Conversation about crossgen2
Crossgen2 is an exciting new platform addition and part of the .NET 6 release. It is a new tool that enables both generating and optimizing code in a new way.
The crossgen2 project is a significant effort, and is the focus of multiple engineers. I thought it might be interesting to try a more conversational approach to exploring new features. I sent a set of questions to the team. Simon Nattress offered to tell us more about crossgen2. Let’s see what he said. I’ll provide my own thoughts, too.
What is crossgen for and when should it be used?
Simon: Crossgen is a tool that provides ahead-of-time (AOT) compilation for your code so that the need for JITing at runtime is reduced. When publishing your application, Crossgen runs the JIT over all assemblies and stores the JITted code in an extra section that can be quickly fetched at runtime. Crossgen should be used in scenarios where fast startup is important.
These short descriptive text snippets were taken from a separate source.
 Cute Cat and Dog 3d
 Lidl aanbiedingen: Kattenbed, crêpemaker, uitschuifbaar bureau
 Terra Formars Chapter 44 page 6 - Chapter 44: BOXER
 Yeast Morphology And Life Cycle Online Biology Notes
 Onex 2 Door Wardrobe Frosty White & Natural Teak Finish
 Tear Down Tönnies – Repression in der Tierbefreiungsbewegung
Rich: You might see crossgen and readytorun terms used interchangeably. Crossgen is a tool that generates native code in (at least today) the readytorun format. The readytorun format is primarily oriented on being compatible across assemblies, and having the same compatibility guarantee as IL, while offering the performance benefits of ahead-of-time compiled code. Starting with crossgen2, it has some other modes with other characteristics.
Why are we making a new version of crossgen? What are our goals?
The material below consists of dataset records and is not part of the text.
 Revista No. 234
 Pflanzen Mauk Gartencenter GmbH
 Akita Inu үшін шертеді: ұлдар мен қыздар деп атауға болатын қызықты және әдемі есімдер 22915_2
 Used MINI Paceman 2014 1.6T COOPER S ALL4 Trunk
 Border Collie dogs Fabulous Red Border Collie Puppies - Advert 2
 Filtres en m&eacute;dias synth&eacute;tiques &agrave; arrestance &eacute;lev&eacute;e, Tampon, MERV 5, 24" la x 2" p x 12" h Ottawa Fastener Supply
Simon: Crossgen’s pedigree comes from the early .NET Framework days. Its implementation is tightly coupled with the runtime (it essentially is just the runtime and JIT attached to a PE file emitter). We are building a new version of Crossgen – Crossgen 2 – which starts with a new code base architected to be a compiler that can perform analysis and optimizations not possible with the previous version.
Rich: As the .NET Core project became more mature and we saw usage grow across multiple application scenarios, we realized that crossgen’s limitation of only really being able to produce native code of one flavor with one set of characteristics was going to be a big problem. For example, we might want to generate code with different characteristics for Windows desktop on one hand and Linux containers on the other. The need for that level of code generation diversity is what motivated the project.
Is crossgen -> crossgen2 similar to the native code csc -> managed Roslyn transition? How long has it been worked on?
Simon: The Roslyn transition to managed was not just a rewrite in a different language. It defined an analysis platform for using CSC as an API. It can be used as a compiler and as a source code analyzer in an editor. Similarly, Crossgen2 is not simply a rewrite in managed. The architecture uses a graph to drive analysis and compilation. This allows scanners, optimizers, analyzers to all work off a common representation of the assembly being compiled. The project has been worked on for 2 years – the origins of the Crossgen2 compiler began as a research project around 2016.
Rich: We have a lot of people on the team that primarily write C/C++ (even assembly), but most people like writing C# better and are more productive. Every release, more of the product gets moved to C# for this and other reasons.
What are the key benefits and also the drawbacks from writing crossgen in C#?
Simon: Writing in C# gives us access to a rich set of .NET APIs as well as memory safety guarantees provided by using a managed language. A drawback of using C# is increased processing time when using Crossgen2 on many small assemblies at once because of the overhead of starting the runtime many times. Fortunately, we can mitigate much of that by running Crossgen2 on itself!
Rich: It is also super helpful being on the same team as the folks adding new capabilities to C# and .NET libraries. There is a lot of shared thinking and collaboration on low-level scenarios to enable C# to be a high-performance language. The more challenges we run into to make low-level code fast, the more we add features to fix that. It’s a virtuous cycle.
Can you describe some of the projects that are planned that are made possible with crossgen2?
Simon: Crossgen2 (unlike native Crossgen) allows us to analyze and compile multiple assemblies at once as a single servicing unit with extra optimizations allowed within the compile set.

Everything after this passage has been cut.